On May 8, 1902, Martinique's Mt. Pelée volcano shot a blistering avalanche of rock and ash through the port of St. Pierre. The murderous flow rocketed through the streets at 250 mph, leveling buildings, torching ships at anchor, and killing 28,000.

In time, new residents rebuilt on the ruins. In 1929, when Mt. Pelée erupted again, the American volcanologist Frank Perret came to St. Pierre to analyze the mountain's activity and, ultimately, to assure the 3,000 panicked residents that the volcano would quiet down. In 1932, he opened the Musée Volcanologique as a gift to the town. Perched on a bluff above the harbor, it sketches St. Pierre's story from its founding as a French city to its harrowing destruction.

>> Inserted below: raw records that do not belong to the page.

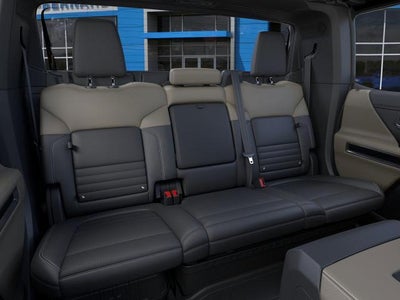 2026 GMC HUMMER EV Pickup 2X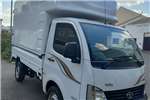 Used 2018 Tata Super Ace EX2 1.4TD DLE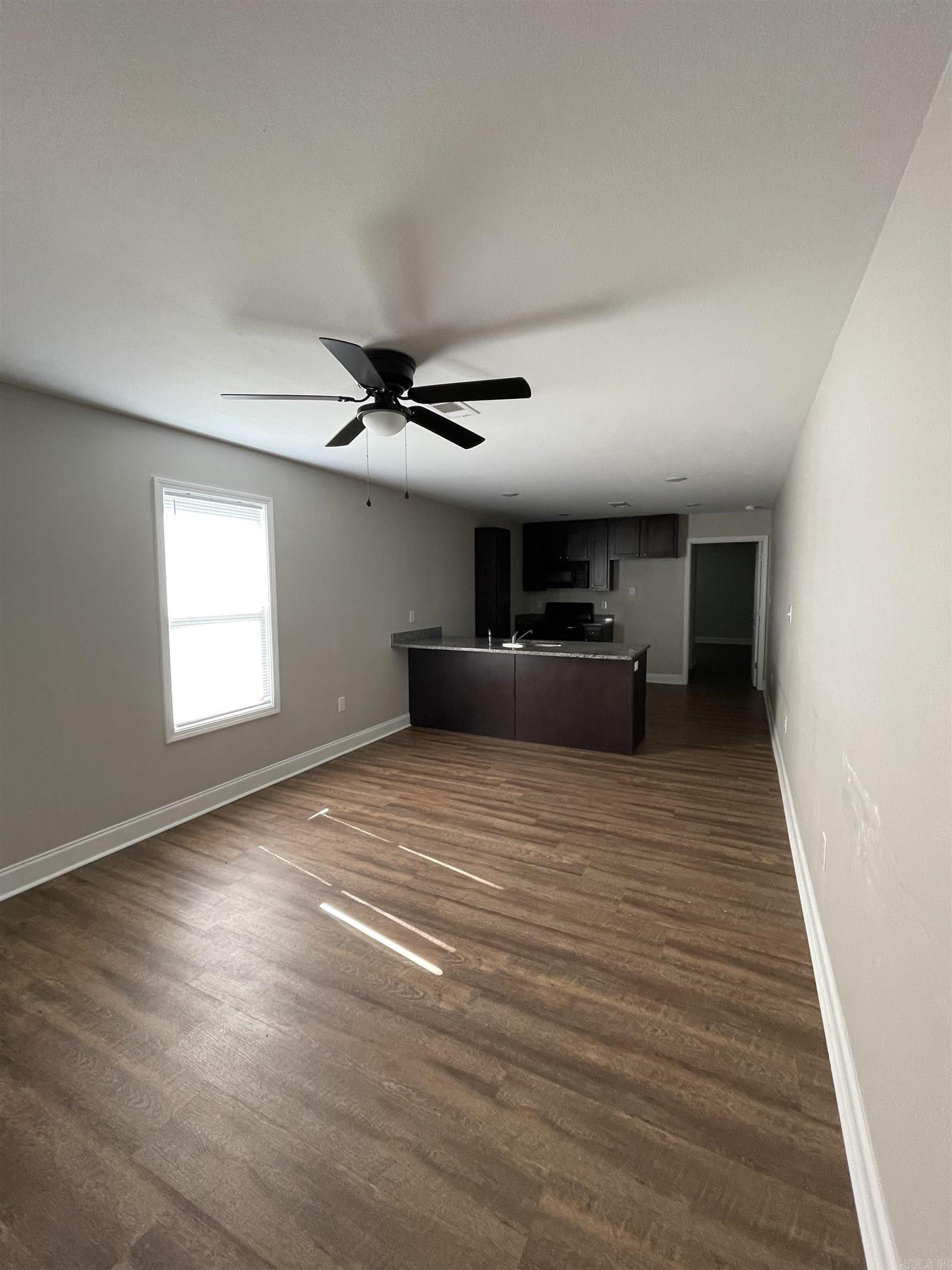607 & 609 Lenora  Jacksonville, AR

The museum contains a single large room, divided by the massive bronze bell that once hung in the destroyed cathedral. The bell was melted and crushed in the blast, as if pinched between a giant's fingers. To one side of the bell, the walls display photographs of the city when it was known as the "Paris of the West Indies." The scenes are redolent of French colonial grace. Carriages crowd the cobblestone streets, rum barrels line the waterfront, ladies in hoop skirts gossip beneath parasols, and barefoot market women carry baskets on their heads. On the room's other side are photographs of destruction--the smoking mountain and collapsed buildings.

Throughout are shelves with artifacts that Perret either gathered from residents or rescued from the ruins--corroded trumpets, charred spaghetti, stacks of drinking glasses fused into misshapen columns, and scores of scissors welded into a solid brick.

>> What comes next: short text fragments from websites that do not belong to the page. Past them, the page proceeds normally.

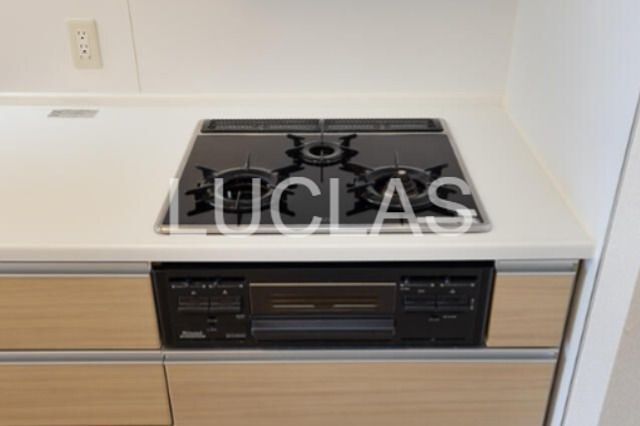 ガーデニエール砧レジデンス その他11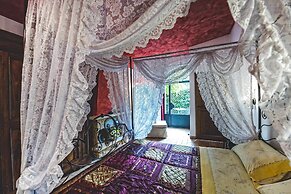 Agriturismo Palazzo Conti A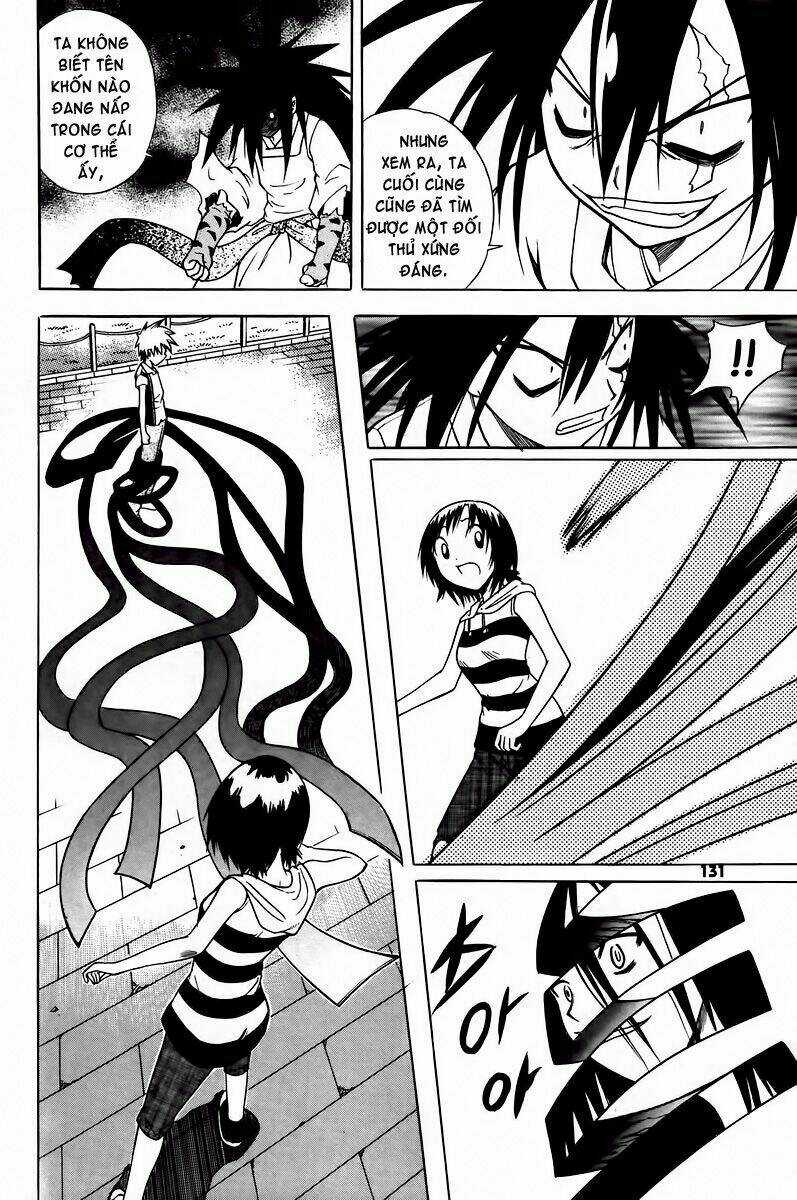 Gwisin Byeolgok - Chapter 13 - Trang 18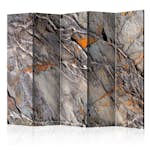 Rumsavdelare Skärmvägg Arkiio Mountain Bastion II 225x172 cm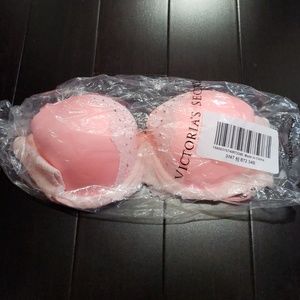 Brand new Victoria Secret Lace Bra Butterfly 34B
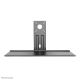 4. Neomounts KEYB-V200BLACK Laptopständer Schwarz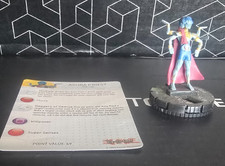 Yu-Gi-Oh Series 1 018 - Asura Priest Heroclix Damaged (arm missing)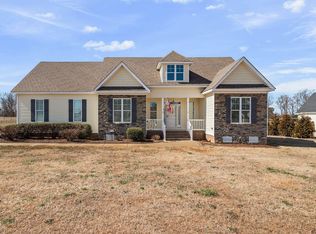 7307 Brittney Ln, Kenly, NC 27542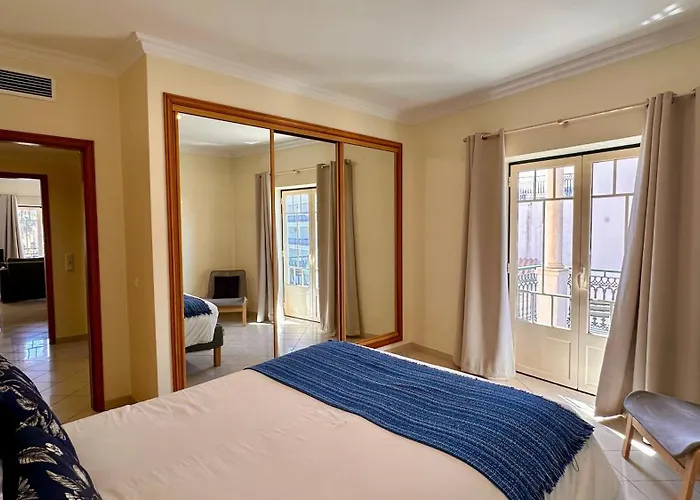 Apartment Bicos R By Check-in Portugal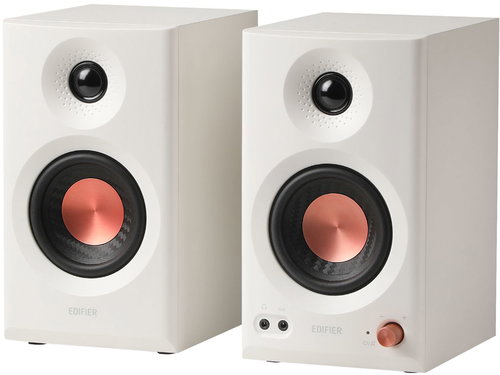 EDIFIER MR3 white - Speakers - Main image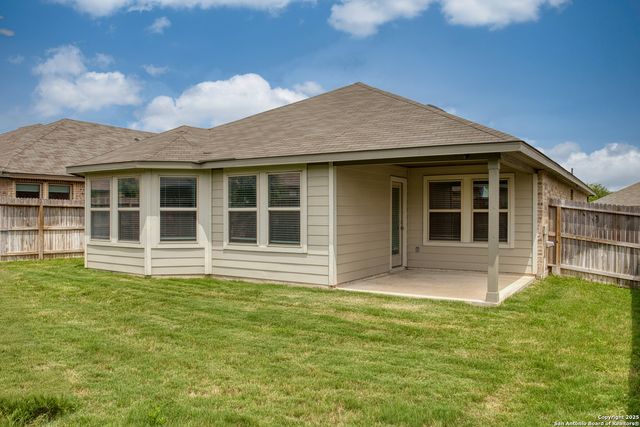 3020 casillero, Schertz, TX 78154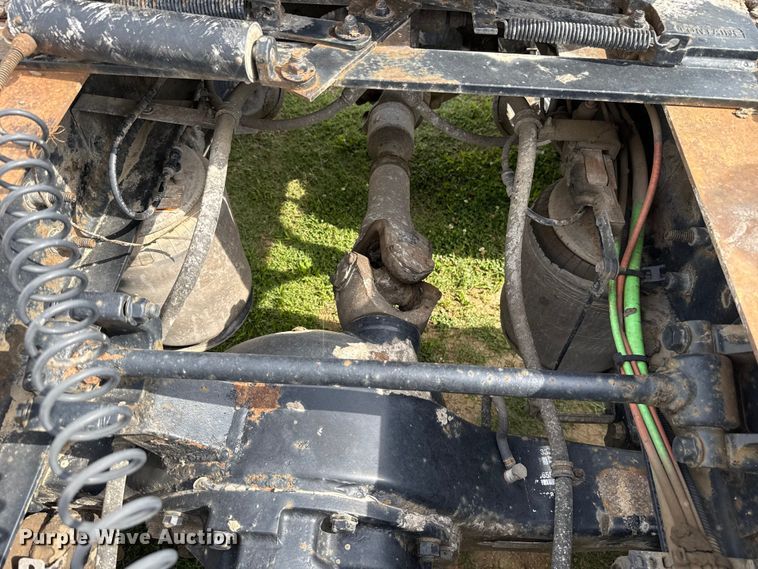 image for item ET6249 2010 International Prostar Premium semi truck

Perret intended the museum to serve as both a memorial and a volcano education center. It was remodeled in 1968, and his photographs of famous volcanoes, his scientific instruments, and a smoking volcano model have vanished. The case of mineral samples he collected at other volcanoes is neglected, its glass broken, and its contents unexplained. Also lacking are explanations of how volcanoes work, and how the 1902 tragedy inspired a generation of scientists, including Perret himself, who revolutionized volcanology.

The museum is now more a memorial to St. Pierre's fallen than the volcanology museum its title promises. Still, the displays' somber power is undeniable, and it is popular: each year around 70,000 people pass through its doors.

Click here for ARCHAEOLOGY's list of current exhibitions.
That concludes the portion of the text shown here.